During the hunt, I cleaned my desk, which was covered in crumbs, and found our long-lost paring knife. I found it in a baking cookbook. At some point, I must have used it as a bookmark. Because I do things like that. This knife had been missing for three months.

I turned the apartment upside down, but I still haven’t found my keys.

When I start doing this shit at 60, people are going to think it’s Alzheimer’s. If I’m still friends with you guys in 30 years, promise me you’ll remember I’m just retarded, not demented.

Dementia: Haven’t we done this before?

Friday, November 13th, 2009

Taking care of a man with dementia is like herding ants. Just when you think you have them all under the glass, two or three or 10 escape and run for the grass.

My routine with dad is predictable in its insanity: Tonight, he asks what day it is. I tell him it’s Friday. He tells me I need to pay the bills. I tell him they’re already paid. He asks me to move back home, since he doesn’t intend to date girls anymore. I tell him thank you, but I can’t. He asks me what day it is. I tell him it’s Friday. He asks me what day tomorrow is. I tell him tomorrow is Saturday. He organizes his medication, because he can do it all by himself, he tells me, and I adjust where necessary. He asks me what day it is. I tell him it’s Friday. He goes through his well-worn wallet, making sure he has enough money. He tells me I need to pay the bills. I tell him they’re already paid. He shows me his driver’s license, his American Express card, his photos, the scrap of paper on which I helped him spell ten through ninety when I was in the fourth grade so he could write out his checks properly. He still got ninety wrong. Dad has never been a scholar. He asks me what day it is. I tell him it’s Friday. I finally throw away the stack of mail he’s been obsessing over for an hour, because I don’t want to hear about it anymore, even though I know he’ll just obsess about something else. He goes through his wallet to make sure he has enough money. He asks me what day it is. I tell him it’s Friday.

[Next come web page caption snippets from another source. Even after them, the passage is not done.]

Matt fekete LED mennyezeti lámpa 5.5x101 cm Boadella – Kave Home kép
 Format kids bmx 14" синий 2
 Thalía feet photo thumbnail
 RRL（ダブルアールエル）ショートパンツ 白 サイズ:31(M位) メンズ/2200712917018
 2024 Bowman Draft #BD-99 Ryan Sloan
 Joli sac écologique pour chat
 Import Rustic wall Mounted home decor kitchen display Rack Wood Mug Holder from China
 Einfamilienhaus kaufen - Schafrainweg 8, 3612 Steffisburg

He’s following the script in his head.

Trying to keep all the ants under the glass has been challenging, and a task ultimately doomed to failure. I miss mom for lots of reasons, partly because I wish she were here to do this.

I suck at this. Sorry, Dad.

Road to hell paved with good intentions

Monday, November 9th, 2009

Since my dad is never going to drive again as long as we can keep car and keys from meeting, I decided to try and sell the thing. Lo and behold, it is actually a piece of shit. It is 16-years-old, so that shouldn’t come as a surprise, but it was fine last year, and I was led to believe that it was in pretty good shape.

Since my friend is not going to buy this piece of shit after all, we decided to bring it back to Dad’s and let it rot in the driveway, since one of Dad’s meltdown triggers is this car. Unfortunately, the car decided to make its last stand next to a curb in Jersey.

It is dead. Not mostly dead, but completely and utterly dead, dead, dead.

I was going to have it junked, but now dad is melting down daily because the car isn’t there. So I’m going to have to pay several hundred dollars to have a dead car towed back to Queens so my dad can see it from the window and calm his shit down.

This is what I get for taking initiative. Initiative: bad.

When my responsibility to my dad is over, I am going to crawl into a hole with a stack of books and some yarn and crochet hooks and never come out, because I never want to be responsible for another person’s well being ever again.